Plenty of space for thick rimmed glasses and scarves in 70 degree weather…

I’m not a star chaser. I’m not! Really! But… would I have cared about The Gorbals if not for Top Chef? Er, probably not.

In need for a last minute dinner reservation anywhere downtown, The Gorbals popped up on Open Table so I booked it. Illan Hall wasn’t a favorites on the show, but—much to the chagrin of my school teachers—TV tells me what to do these days.

In the pre-ultrahipsterazation lobby of the Alexandria Hotel an unremarkable door hides The Gorbal’s sparse dining room. Populated with utilitarian wooden furniture and down-lights, it’s a refreshingly quiet space from a winner of a reality television show. Although the unpretentiousness of the space is muddled by the paint-by-numbers predictability of the hostess’ high-waisted jeans and plastic rimmed glasses.

The menu is broken down by animal, with a neat little omnivore section for the likes of me (and you?)! The Pimento Cheese & Corn was sadly out of stock, still we ordered a nice assortment of hits and misses that gave me a clear picture of Chef Illan’s cooking point of view.

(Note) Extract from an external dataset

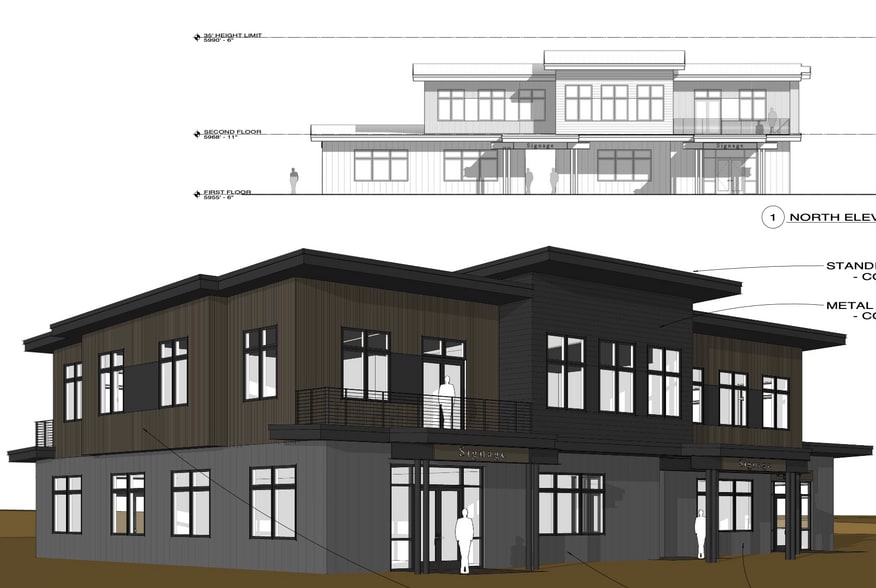 10000 Pioneer Trl, Truckee, CA for sale - Building Photo - Image 1 of 5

Yes, even without the meat.

The secret to these cucumbers is not lemon

Our meal kicked off with the Persian cucumbers and clearly not canned Garbanzos Beans tossed with Sesame Oil and Sumac ($8). Wading in a puddle of what I assumed to be watered down sesame oil, the cucumbers were ‘kicked up a notch’ with sumac. Apparently I didn’t know what sumac was before this meal, but I’ll never forget it now! Though the red color implies spiciness, it’s more like a sharp dusting of lemony zest! Fabulous!